# default gateway keeps disappearing



## sasue (Apr 12, 2010)

hi..

my default gateway keeps disappearing whenever i turn off my machine..
so i have to re-enter it everytime i turn the machine on and want to access my wireless network connection...

i checked if i wrote the right gateway... and it was correct..
the ip address, subnet mask, as well as dns servers are all correct too...

i'm using a Lenovo ThinkPad R61
Os: Vista Business 32-bits...

thankx in advance...


----------



## johnwill (Sep 26, 2002)

Let's reset the stack and see if that keeps it from disappearing. Why are you setting them manually, why not use DHCP?
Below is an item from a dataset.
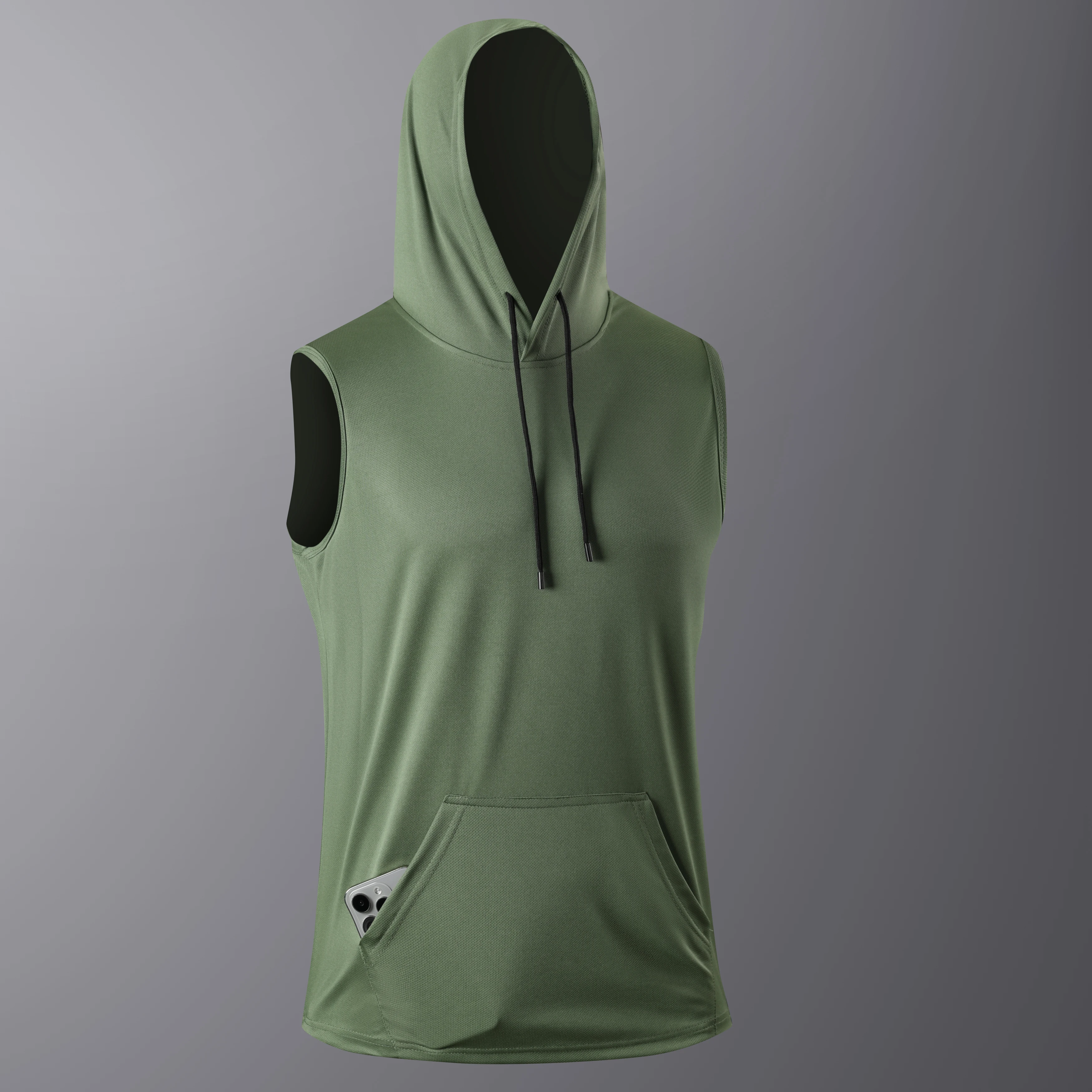 Quick-Dry Black Gym T-Shirt with Hoodie - Summer Streetwear Fashion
*TCP/IP stack repair options for use with Vista or Windows 7.*

Start, All Programs\Accessories and *right click* on Command Prompt, select "*Run as Administrator*" to open a command prompt.

In the command prompt window that opens, type type the following commands, each followed by the Enter key:

Reset WINSOCK entries to installation defaults: *netsh winsock reset catalog*

Reset IPv4 TCP/IP stack to installation defaults. *netsh int ipv4 reset reset.log*

Reset IPv6 TCP/IP stack to installation defaults. *netsh int ipv6 reset reset.log*

Reboot the machine.


----------



## sasue (Apr 12, 2010)

i had to change from DHCP to a static ip address to get a high id for emule...
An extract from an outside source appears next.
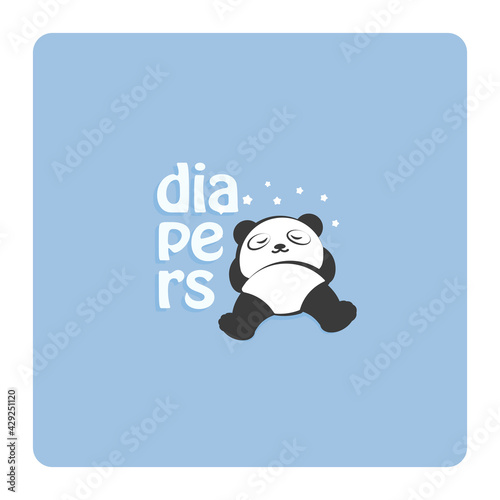 Panda sleeps in diapers, cartoon logo concept of childrens relax care and hygiene goods, babysitting and nannies services, newborn baby health. Vector illustration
thankx... it did work... after rebooting the machine i had to enter the ip address, subnet mask, and the default gateway... only dns servers were still there...
but then it worked.... =]

thankx again...


----------



## migomes90 (Jun 26, 2013)

Hi,

My settings in my IPV4 disappear as soon as i put them in and click ok. Ip Address, subnet mask, Default gate way, preferred DNS server and alternate DNS server. 

Please assist.


----------



## Tomken15 (Dec 7, 2011)

This is quite an old thread that you've resurrected and TSF policy is that you don't use someone else's thread for your own problems as the cause can be different.

Open your own thread in the same section and someone will pick it up to assist you.


----------